▸ Task details
Pictures must be left out. Retype exactly the lines from the one containing "World famous Begijnhof" through the last line of the records below.
▬▬▬
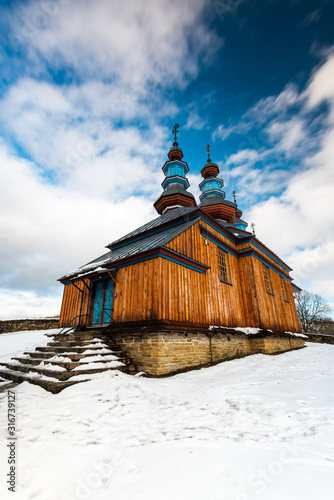 Komancza Wooden Orthodox Church. Carpathian Mountains and Bieszczady Architecture in Winter photo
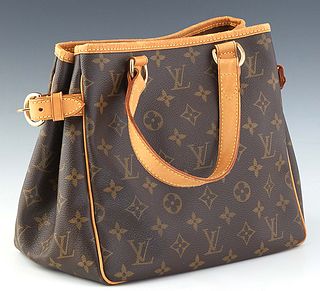 Louis Vuitton Batignolles PM Shoulder Bag, in brown monogram coated canvas with golden brass hardware and vachetta straps, opening to a canvas lined i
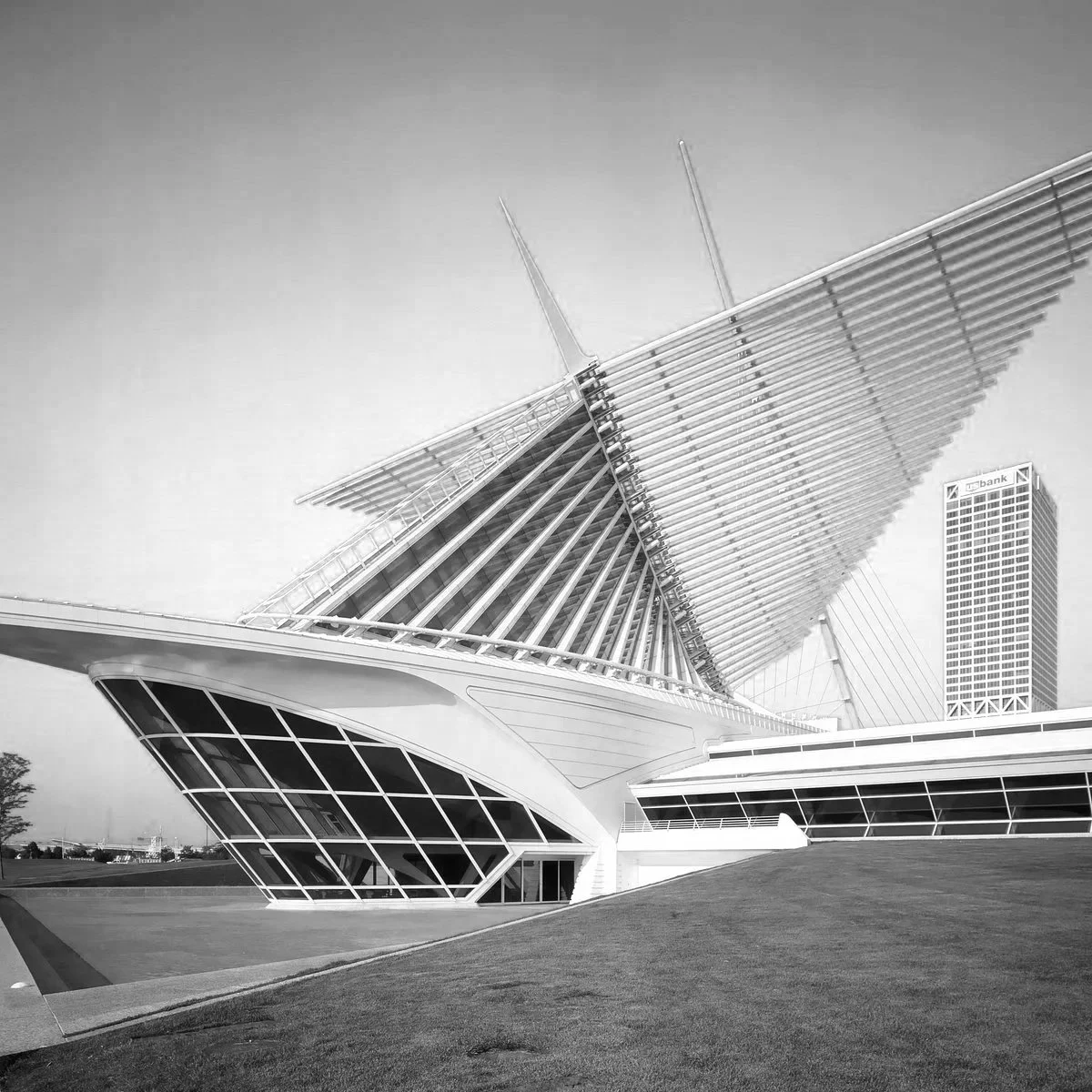 Black and white photo of the Milwaukee Art Museum, a modern architectural building with geometric and angular design, featuring a large slanted roof with radiating supports, glass windows.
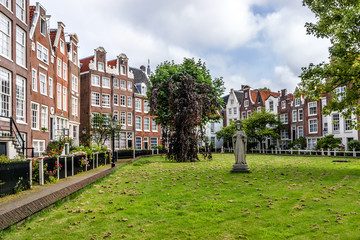 World famous Begijnhof - one of oldest inner courts in Amsterdam © dbrnjhrj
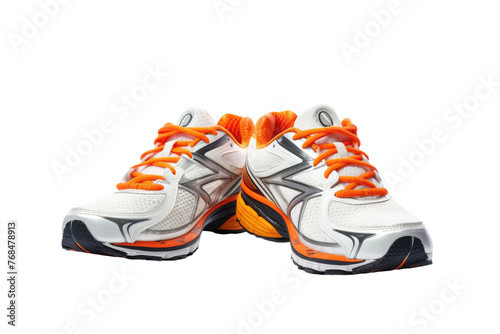 A pair of white and orange running shoes placed on a gray surface. The shoes have a breathable mesh upper and cushioned midsole. Isolated on a Transparent Background PNG.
▬▬▬
▸ Answer
 World famous Begijnhof - one of oldest inner courts in Amsterdam © dbrnjhrj
 A pair of white and orange running shoes placed on a gray surface. The shoes have a breathable mesh upper and cushioned midsole. Isolated on a Transparent Background PNG.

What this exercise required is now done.